Schultz gliedert seine Komposition in fünf Abschnitte. Ein Bogen zieht sich über das ganze Stück, welcher von formaler Geschlossenheit zeugt. Zu Beginn wird das Lilith-Motiv e-fis-h-gis-dis vorgestellt, das aus einem indischen Raga entwickelt wurde. Immer wieder wird auf diese Keimzelle zurückgegriffen. Mannigfaltige Wiederholungen spielen mit dem melodischen und rhythmischen Motiv und verkörpern damit tanz- und schlangenartige Bewegungen. Aus dem Motiv erwachsen kleine Kadenzen. Der Verwandlungshöhepunkt wird durch einen kurzen, durchdringenden Aufschrei der Klarinette markiert. Der ursprüngliche Charakter bleibt auch nach der Klimax erhalten. Den fünften Teil bildet die Coda: Beruhigung tritt ein, die Verwandlung oder Rück-Verwandlung in einen Engel ist gelungen. Der Komponist resümiert: „Im Grunde denke ich immer bildhaft. Meine Stücke erzählen immer etwas. Damit stehe ich quer zu dem Haupstrang der Musik nach 1945, der auf eine fortschreitende Abstraktion hinausläuft.“
Die Komposition O, star! entstand im Dezember 2003 und ist dem Klarinettisten Wolfgang Meyer gewidmet. Sie stammt aus der Feder des jungen Schweizer Komponisten und Dirigenten David Philip Hefti. Das Stück für Klarinette solo ist dreiteilig angelegt.

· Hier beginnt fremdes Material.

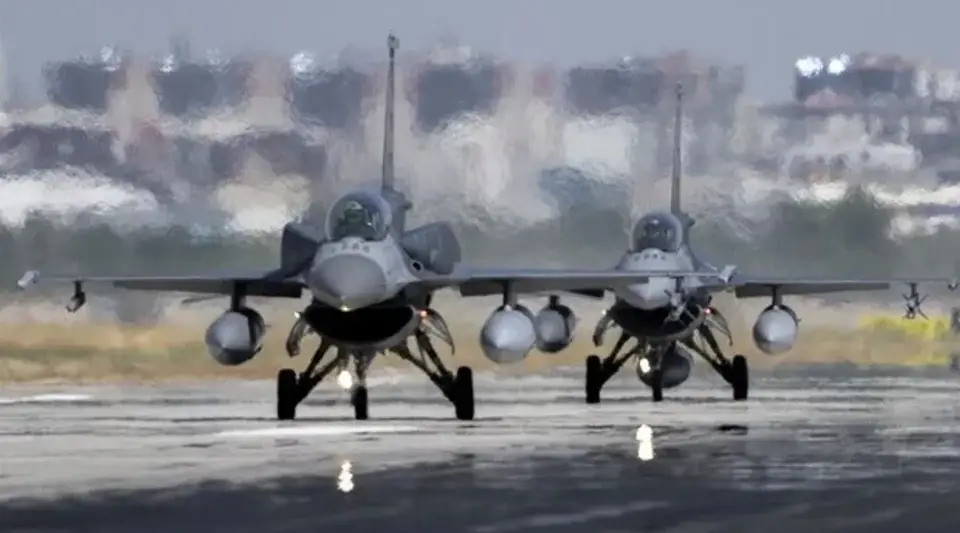 Michigan'da ABD ordusuna ait F-16 savaş uçağı düştü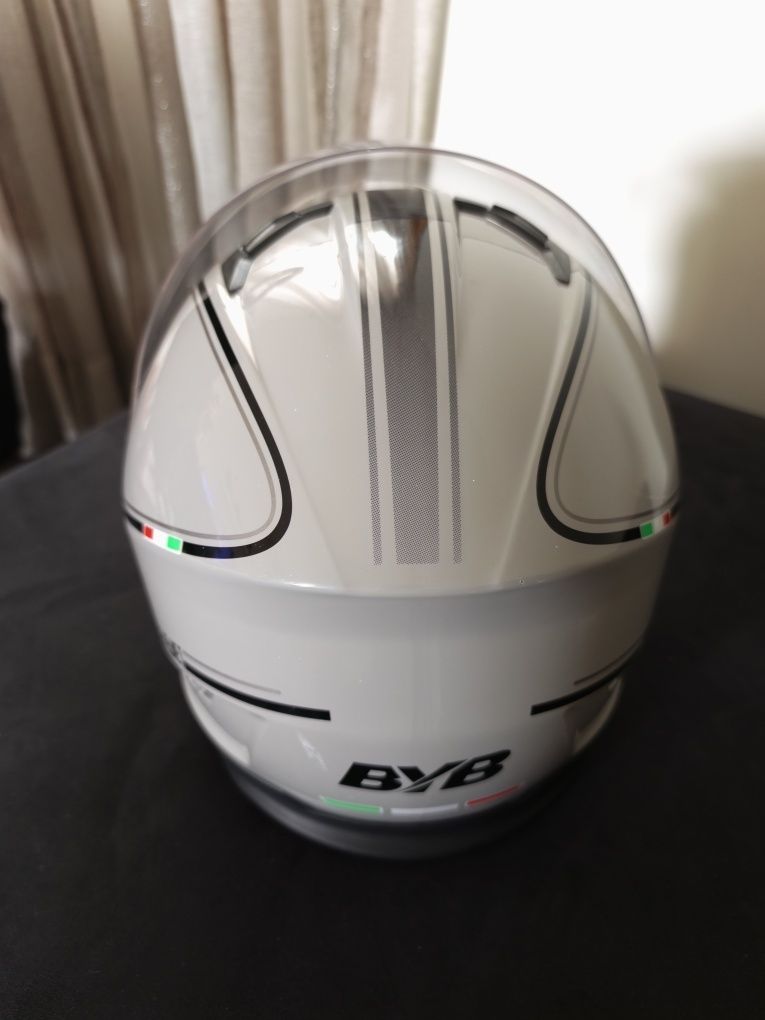 Capacete BYB novo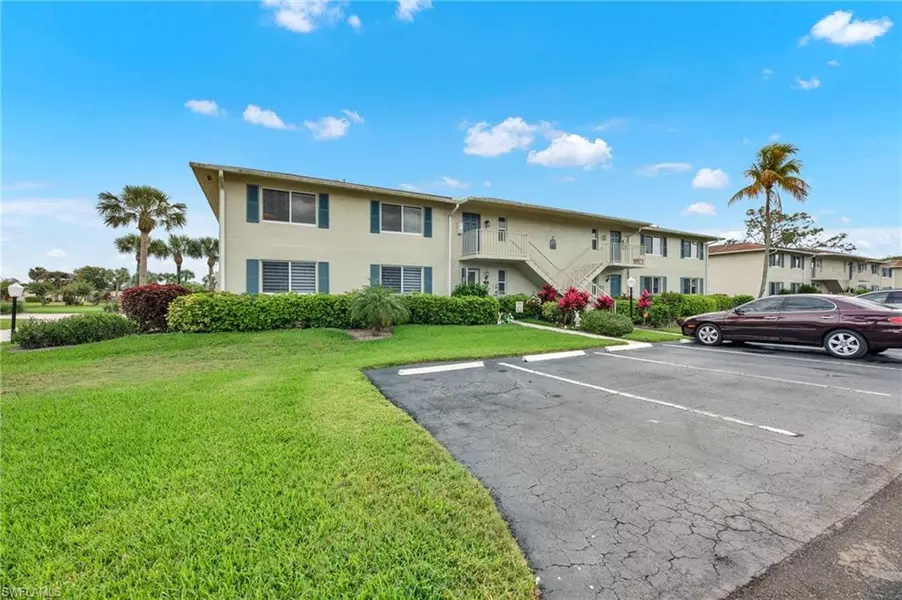 272 Winners CIR #4, Naples, FL 34112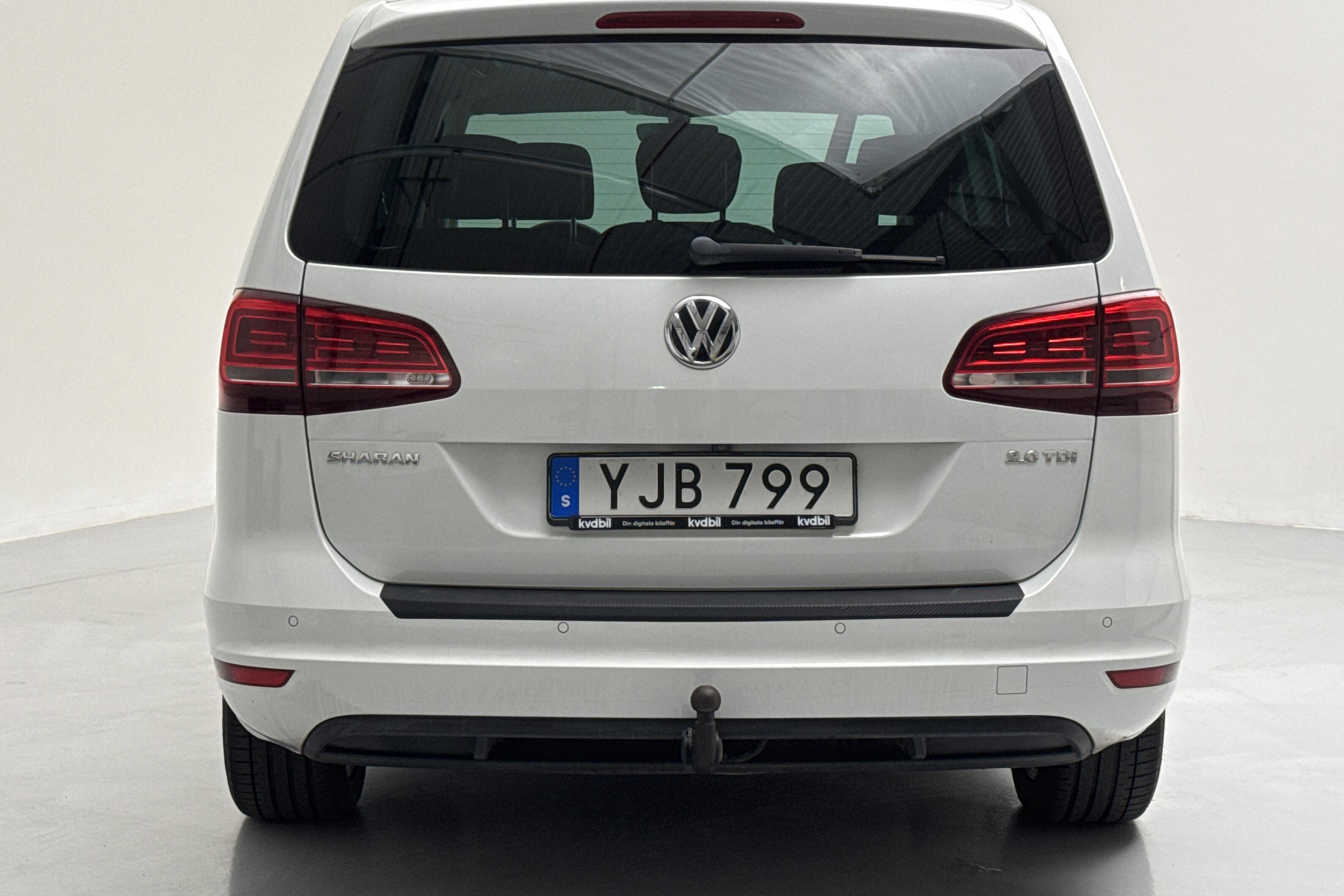 VW Sharan 2.0 TDI (150hk) - 156 380 km - Automaatne - valge - 2017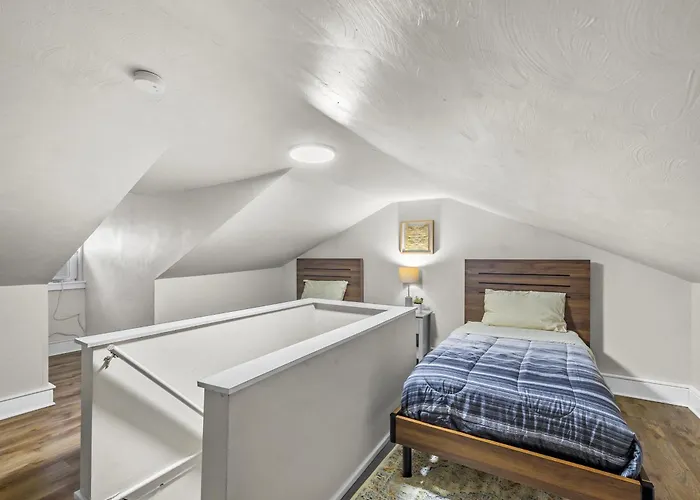 Bloomfield, Bright And Spacious Two Bedroom With Free Parking
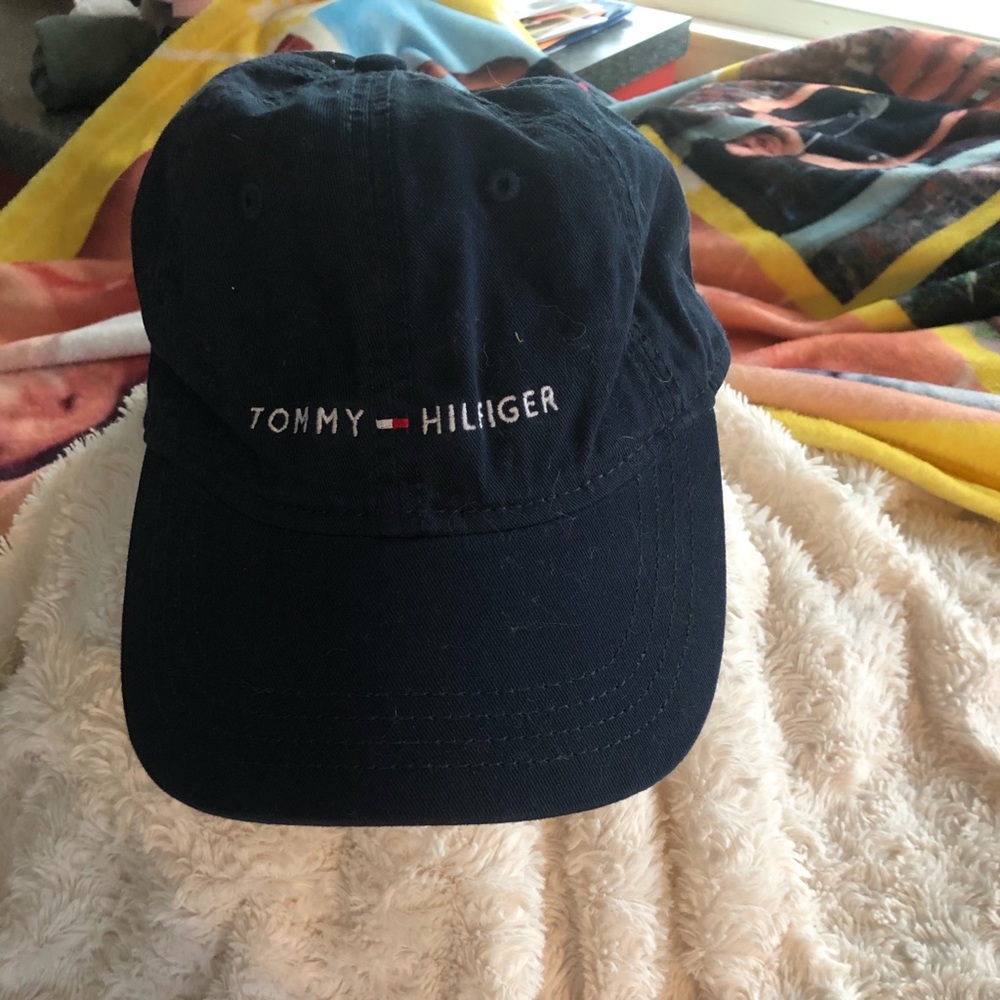 Tommy Hilfiger hat never worn no tags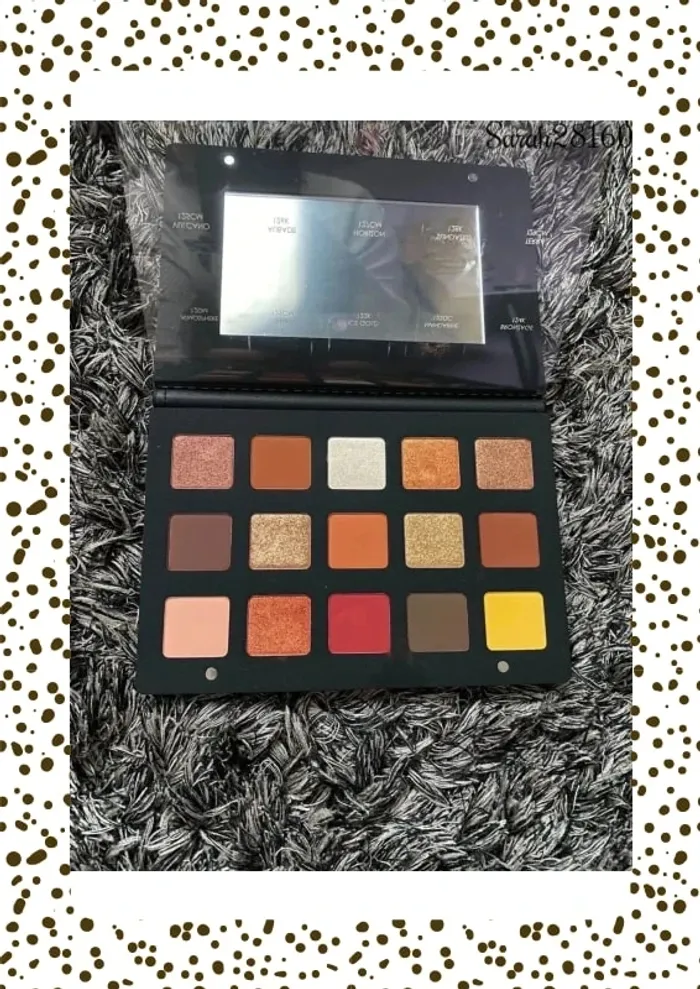 Palette d’ombres à paupières teintes orangées/marrons/dorées Natasha Denona - photo numéro 3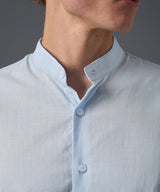 CAMISA MANGA LARGA LOOK LINO CUELLO STAND UP CLASSIC FIT CELESTE PV26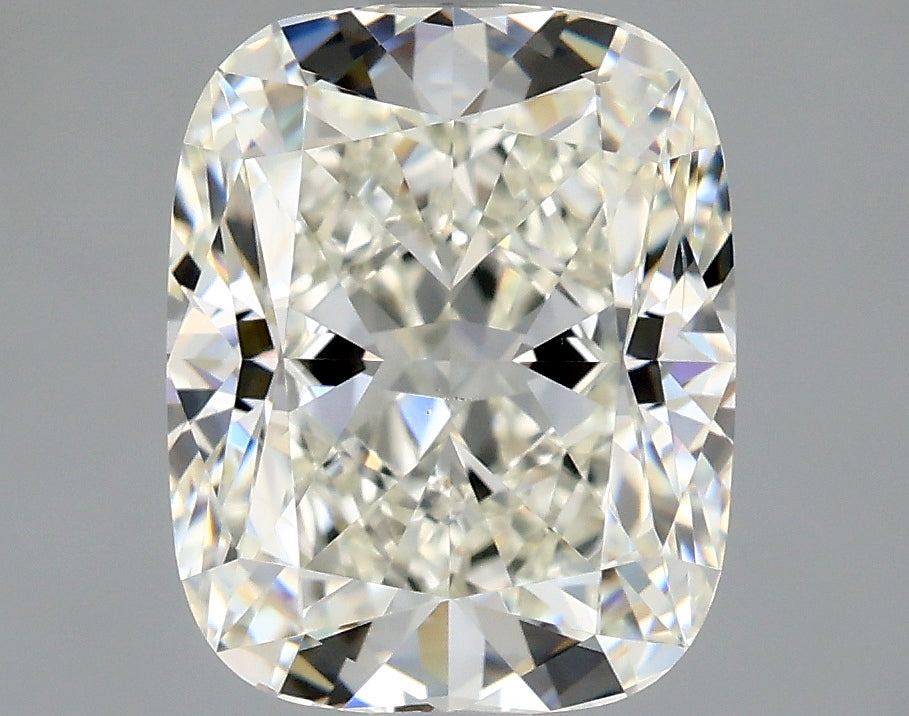 Lab-Grown 2.03 Carat Cushion Modified Brilliant Cut Diamond color J Clarity SI1 With GIA Certificate, precious stones, engagement diamonds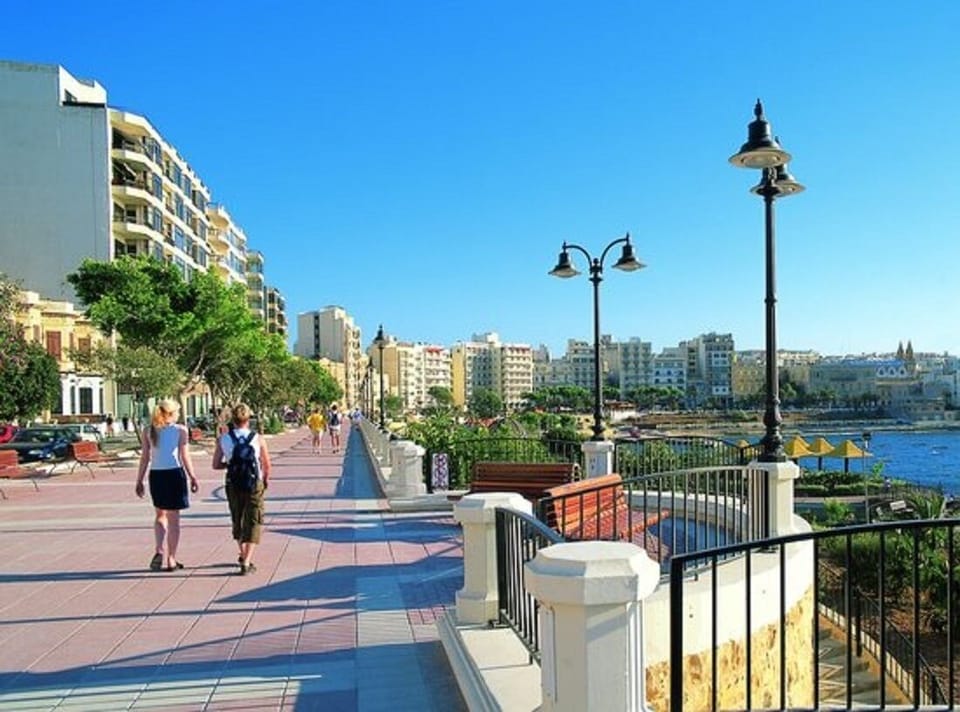 5 minuite walk to Sliema Promenade
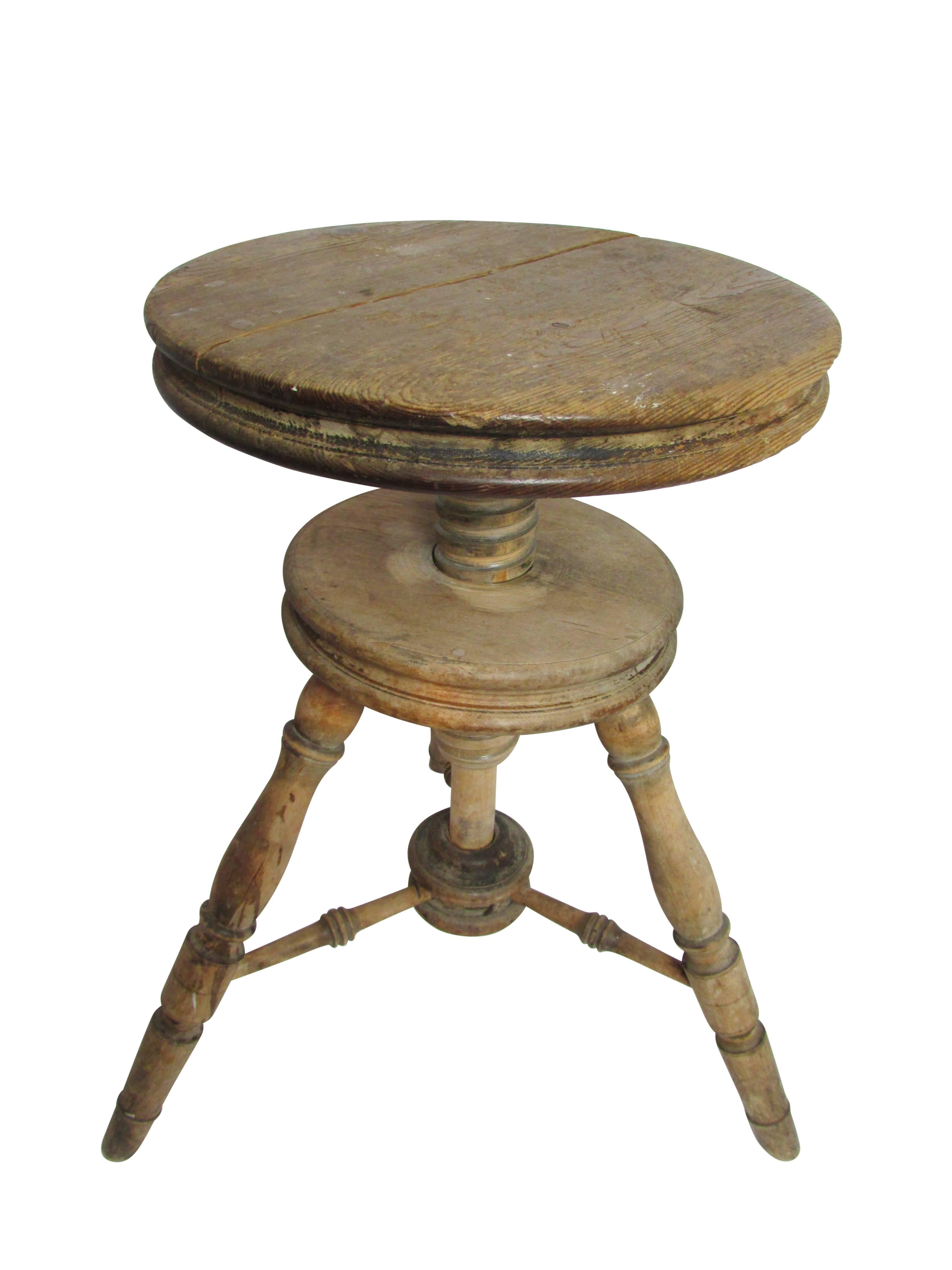 This is a late 19th century adjustable pine music stool from Sweden.
Measures:
23.5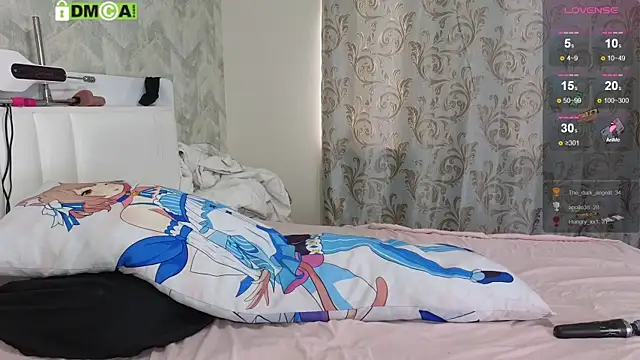 Snapshot of KawaiiNullify chatting on 11/16/25, 07:47 KawaiiNullify online show from 11/16/25, 07:47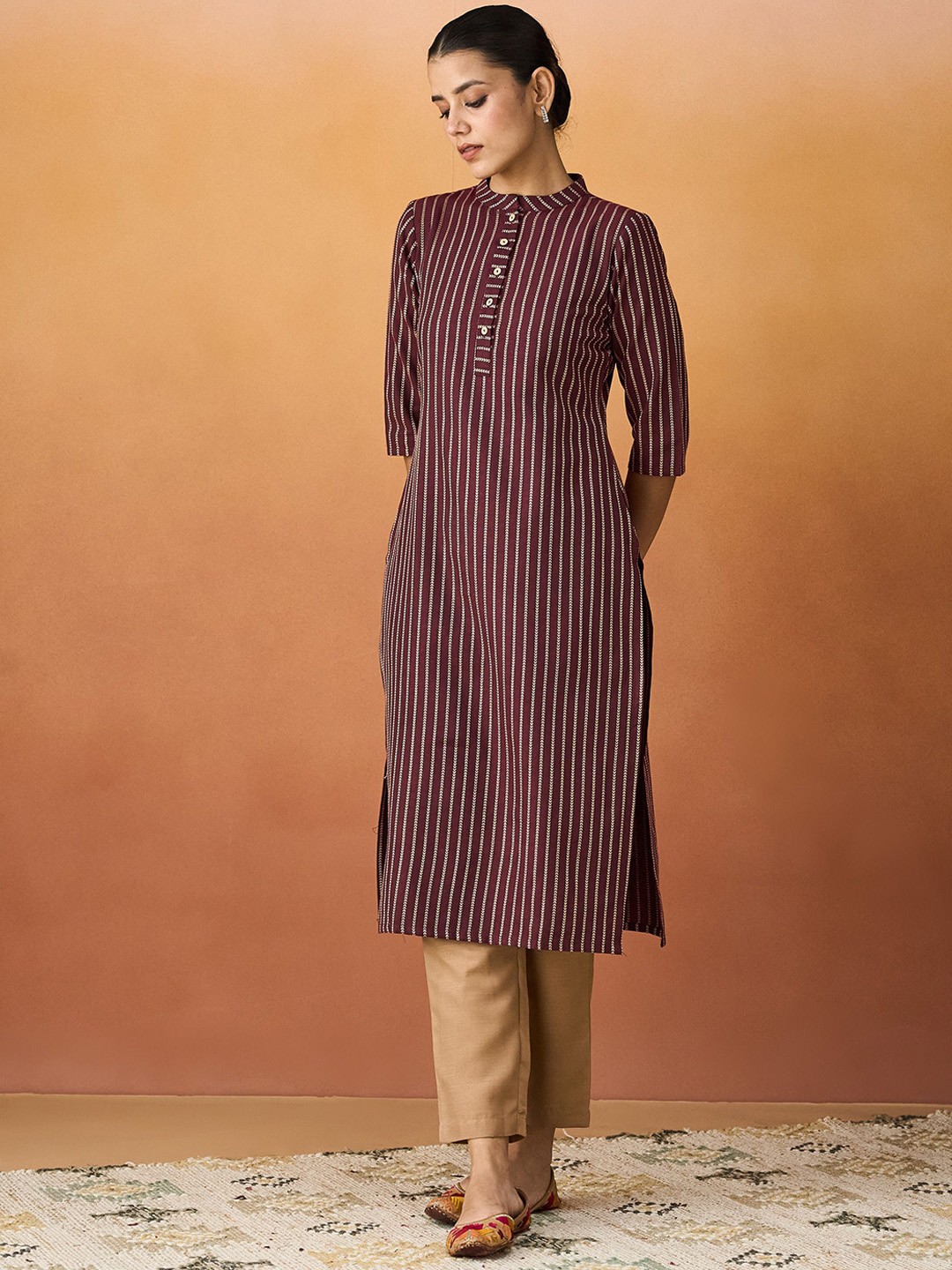 

Fourleaf Striped Embroidered Thread Work Mandarin Collar Straight Kurta, Maroon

Hefti verbindet Passagen seines Konzerts Sator für Klarinette und Orchester mit neu komponierten Motiven, und so ist auch der Name des Solo-Stücks ein Anagramm des Konzert-Titels. Die Tonschöpfung beginnt mit einem virtuosen Vivace in der höchsten Lage der Klarinette. Der ruhige, zweite Teil ist lyrisch, der dritte Teil kommt einer Improvisation gleich. Spaltklänge, Klangfarbentriller sowie Klangfarbenwechsel sind in diesem Abschnitt vorherrschend. Der Abschluss ist ruhig und bringt die Entspannungsphase für die zuvor aufgestaute Energie. Die einzelnen Abschnitte sind motivisch geschlossen. Die Komposition trägt den Untertitel „Mosaik“, sichtbar bzw. hörbar fügt sich jedes Steinchen in ein an Stimmungen und Farben reiches Mosaik ein. Hefti, selbst aktiver Klarinettist im Ensemble Clarino, gibt dem Solisten die Möglichkeit, die klangliche Bandbreite des Rohrblattinstruments voll auszukosten.